Hi,
I would upload the data in R and save them with e.g. write.table(myfile,file="myfile.tab", sep = " ", row.names = F, col.names = F)
in a certain directory with the ending ".tab".
Now you could do the following:
#Define directory
setwd("Path_to_your/Files")
directory <- getwd()
#First you need a sample Table for DESeq2 which holds information about where your data is and what condition it stands for
#Grab all files with ending .tab (i don't know if it works for .xlsx files)
sampleFiles <- grep("tab",list.files(directory),value=TRUE)
#Name the samples on sampleTable with the characters befor the ".tab"
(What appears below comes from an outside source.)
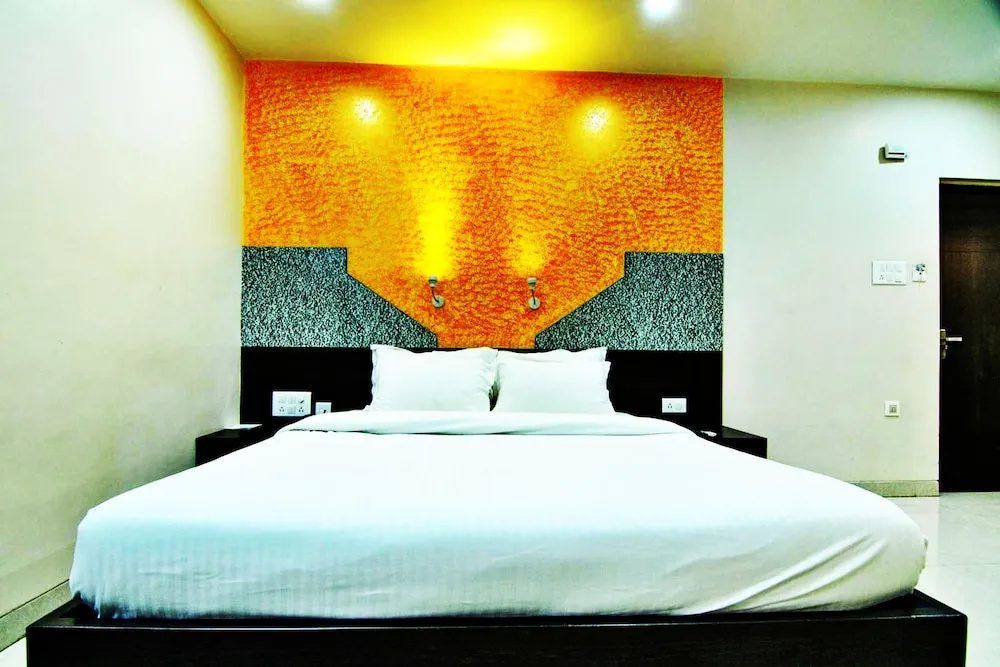 Savera A Business Luxury Hotel - Chambres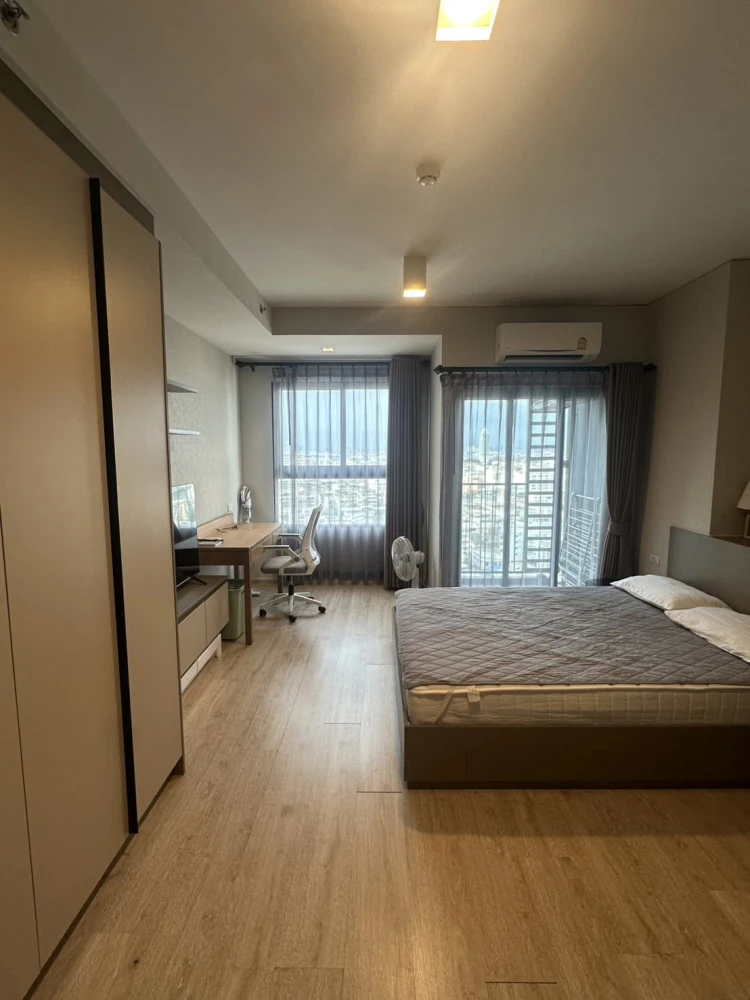 For sale/rent Ideo sathorn wongwian yai, very beautiful room, 17th floor, city view, very good atmosphere. The room is ready. Hurry up.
sampleCondition <- sub(".tab","\\1",sampleFiles)
sampleCondition <- substr(sampleCondition,1,3)
#Create the sample table
sampleTable <- data.frame(sampleName = sampleFiles,
fileName = sampleFiles,
condition = sampleCondition)
#Now you have to install DESeq2 if you haven't done that already
source("https://bioconductor.org/biocLite.R")
biocLite("DESeq2")
#Get it in your library
library("DESeq2")
#Create DESeqDataSet from your data
ddsHTSeq <- DESeqDataSetFromHTSeqCount(sampleTable = sampleTable,
directory = directory,
design= ~ condition)
#Now remove genes with less than 1 read, to get rid of noise
keep <- rowSums(counts(ddsHTSeq)) >= 1
dds <- ddsHTSeq[keep,]
#To establish the reference for the comparisons between the samples, depending on your data, define one sample as your reference
dds$condition <- relevel(dds$condition, "untreated")
#The following is the core function of the DESeq2 package and
dds <- DESeq(dds)
#Now you can access the results with the function for example with
res <- results(dds, name="condition_treated_vs_untreated")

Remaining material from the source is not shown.